On Sat, Nov 14, 2009 at 3:28 PM, Greg Sabino Mullane <greg@turnstep.com> wrote:

3. Slony. Setup a slave database, get everything in sync, then switch over to the
new database. Very minimal downtime (seconds to minutes). Requires all tables
have primary keys.

4. Bucardo. Similar to the steps of Slony above. More forgiving of interruptions
in the original replication event.

I've never done this process myself. I'm wondering how flexible Slony
and Bucardo are with the versions of Postgres they support.

Does the Slony version run on the new version have to match the Slony
version on the old one? Do old versions of Slony work on new versions
of Postgres? Or do you have to update the version of Slony on the old
database before you can move to a new database version because the new
database version requires a newer version of Slony?

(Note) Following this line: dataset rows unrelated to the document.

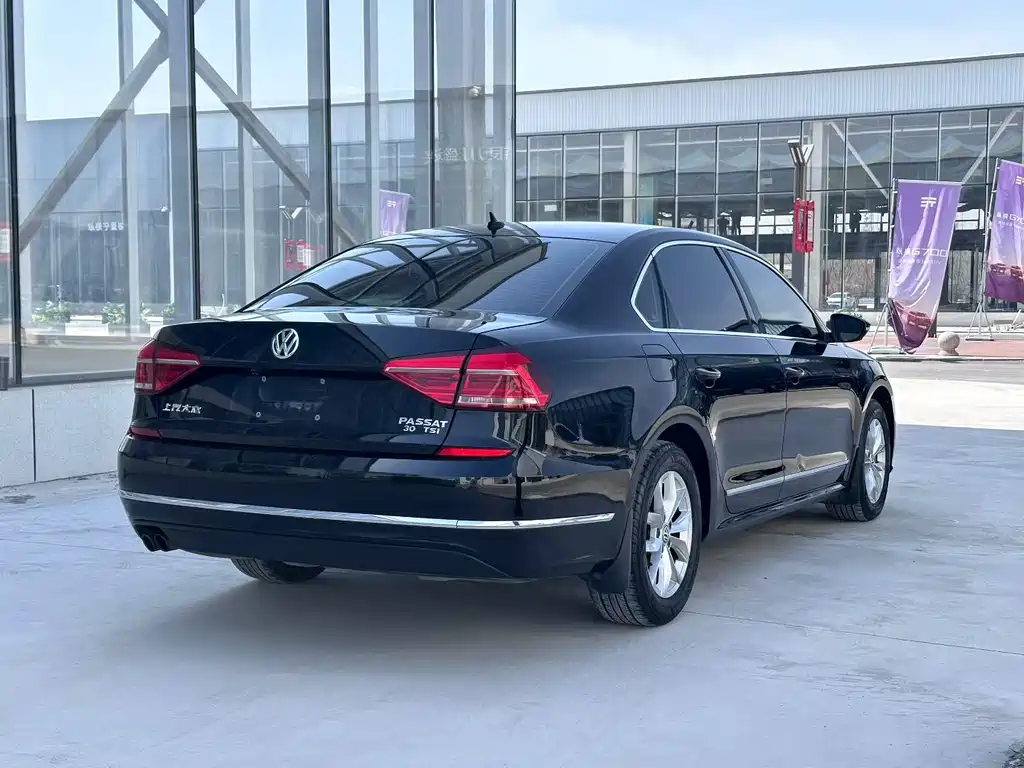 Volkswagen Passat 2018 — фото 9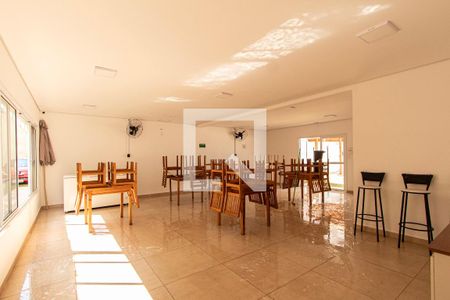 Apartamento para alugar com 50m², 2 quartos e 1 vaga Apartamento para alugar com 50m², 2 quartos e 1 vagaÁrea comum - Salão de festas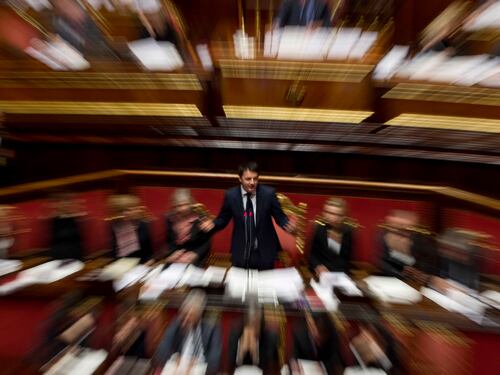 Mani in tasca e idee chiare, lo show di Matteo ai raggi X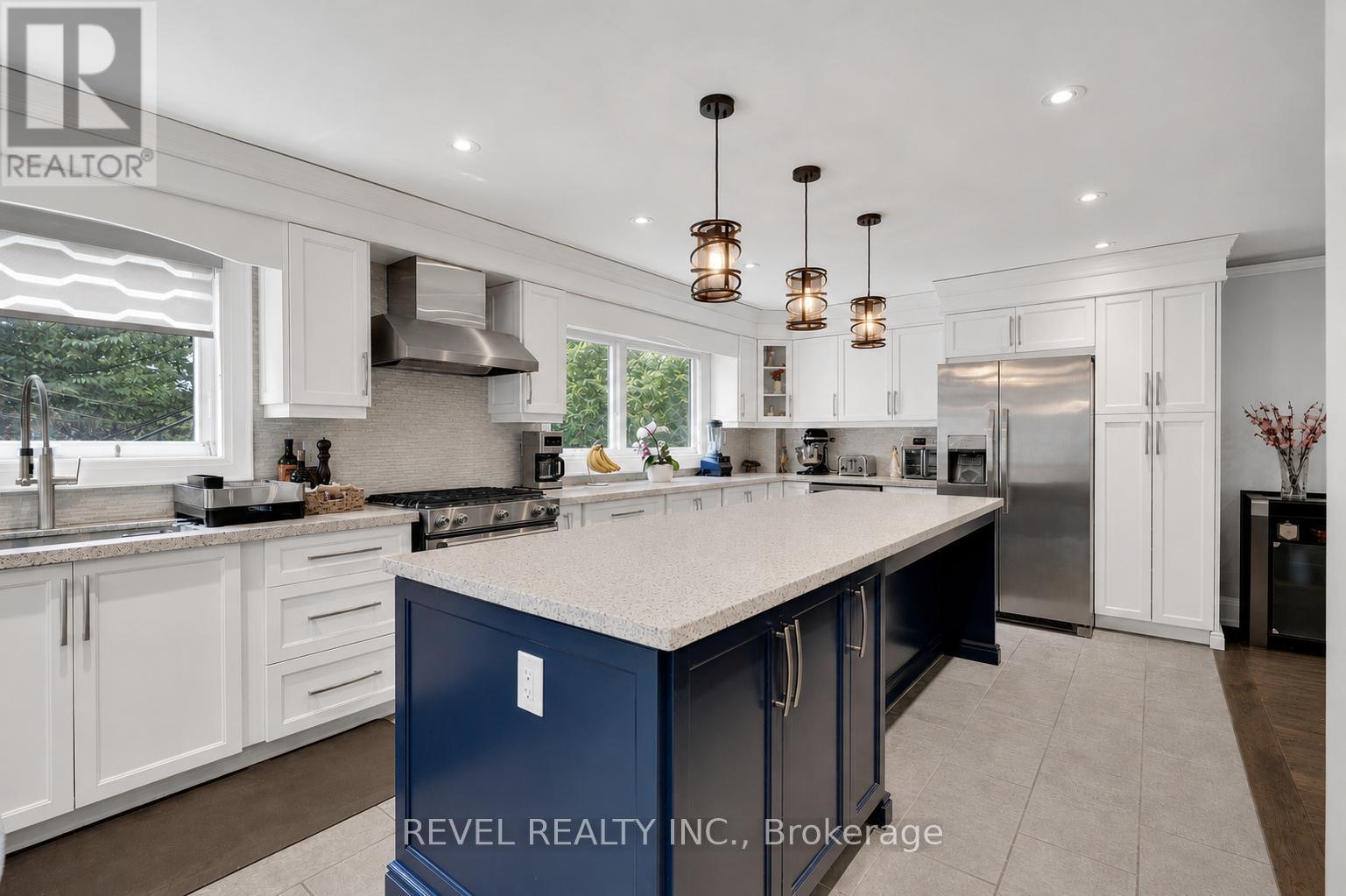 Listing photo of 79 ARRAN CRESCENT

I'm even less familiar with Bucardo but have the same questions there too.

--
greg

#6Mark Richardson
markmapo@yahoo.com
In reply to: Bruce Momjian (#5)
Re: Upgrading databases

I didn't actually run Sloany, so their may be some better people to ask.
 
However, the versions of Sloany depend on different versions of postgres - so if you use the latest version of Postgres, then you'll need the latest version of Sloany.  From what I could tell, you run Sloany on your master (which ever database you want to propogate - probably an old database) and it updates/populates the slaves (the new database).  So you'll have to get an older version os Sloany to do this.  Again, I never ran it so take my advice for what it's worth.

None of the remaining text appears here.